Mutual Management Services took an assignment of debts Richard and Kimberly Swalve allegedly owed to three medical providers. Mutual sued the Swalves for the money. But the Swalves asked the court to dismiss because, they asserted, facts existed that undercut Mutual’s complaint as a matter of law. The trial court agreed, and dismissed because Mutual did not give proper notice of the assignments.
Mutual appealed. There are two appellate lessons in this case.
(1) The Swalves asked for dismissal because the facts showed Mutual did not give proper notice of the assignment of debt. But when they got to the appellate court, the Swalves argued their factual motion should be characterized as asking for dismissal as a matter of law, irrespective of facts outside the complaint. The Second District Illinois Appellate Court disagreed, and ruled it would consider the Swalves’ request on the same basis as the trial court. Here is the appellate court’s reasoning:
… [A]s an initial note, the Swalves insist that their section 2–619 motion to dismiss [considering facts not in the complaint] “should have been characterized” as being brought under section 2–615 [which looks only at whether the complaint states a legal cause of action] of the Code. While appellate review of decisions regarding motions to dismiss brought under both sections is de novo … the analysis applied to each is different … Section 2–615 attacks the legal sufficiency of the complaint by alleging defects on the face of the complaint; section 2–619 assumes that a cause of action has been stated but asserts that the claim is defeated by other affirmative matter … These motions differ “significantly.” … We will not consider the application of a Code section that was not raised or argued before the court below and that requires a different analysis.

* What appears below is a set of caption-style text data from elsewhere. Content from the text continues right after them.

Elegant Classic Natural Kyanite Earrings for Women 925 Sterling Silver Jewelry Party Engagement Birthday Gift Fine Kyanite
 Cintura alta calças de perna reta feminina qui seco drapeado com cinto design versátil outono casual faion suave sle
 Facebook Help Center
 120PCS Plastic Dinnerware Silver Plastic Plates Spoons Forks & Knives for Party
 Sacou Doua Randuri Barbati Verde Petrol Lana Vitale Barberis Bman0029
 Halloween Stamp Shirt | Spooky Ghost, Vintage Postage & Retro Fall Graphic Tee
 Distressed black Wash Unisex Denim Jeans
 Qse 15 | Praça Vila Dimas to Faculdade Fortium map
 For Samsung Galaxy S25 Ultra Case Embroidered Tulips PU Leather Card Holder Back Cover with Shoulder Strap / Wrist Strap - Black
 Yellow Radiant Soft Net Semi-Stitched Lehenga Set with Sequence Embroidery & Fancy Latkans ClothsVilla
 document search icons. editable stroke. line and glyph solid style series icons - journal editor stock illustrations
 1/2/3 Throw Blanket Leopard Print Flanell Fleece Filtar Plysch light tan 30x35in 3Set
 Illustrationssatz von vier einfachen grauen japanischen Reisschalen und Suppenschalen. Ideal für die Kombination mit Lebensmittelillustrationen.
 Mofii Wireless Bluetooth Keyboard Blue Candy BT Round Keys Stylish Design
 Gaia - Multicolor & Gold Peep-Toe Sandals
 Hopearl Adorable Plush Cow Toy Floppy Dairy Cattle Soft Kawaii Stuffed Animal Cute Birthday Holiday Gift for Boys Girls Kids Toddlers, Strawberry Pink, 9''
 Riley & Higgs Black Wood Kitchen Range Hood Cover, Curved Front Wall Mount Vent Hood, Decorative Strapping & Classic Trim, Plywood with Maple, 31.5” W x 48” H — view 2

(2) The appellate court also ruled on a forfeiture question. MMS argued that the dismissal should be reversed because the Swalves did not have the required affidavits to support their request. But the appellate court refused to consider the argument because Mutual had not asserted it in the trial court. This is the way the appellate court viewed it:
According to MMS, since “it is clear that the face of the Amended Complaint did not provide the grounds upon which the Defendants’ Motion was based,” affidavits were mandatory; in the absence of any affidavits, the Swalves “failed to meet their burden on the motion.” However, MMS did not object to the absence of affidavits in the trial court, and thus it forfeited the issue on appeal.
The dismissal of Mutual’s complaint was affirmed. But the appellate court ruled that Mutual could try again after giving the Swalves proper notice of the assignment. The whole case, Mutual Management Services v. Swalve, 2011 IL App (2d) 10077, is available right here.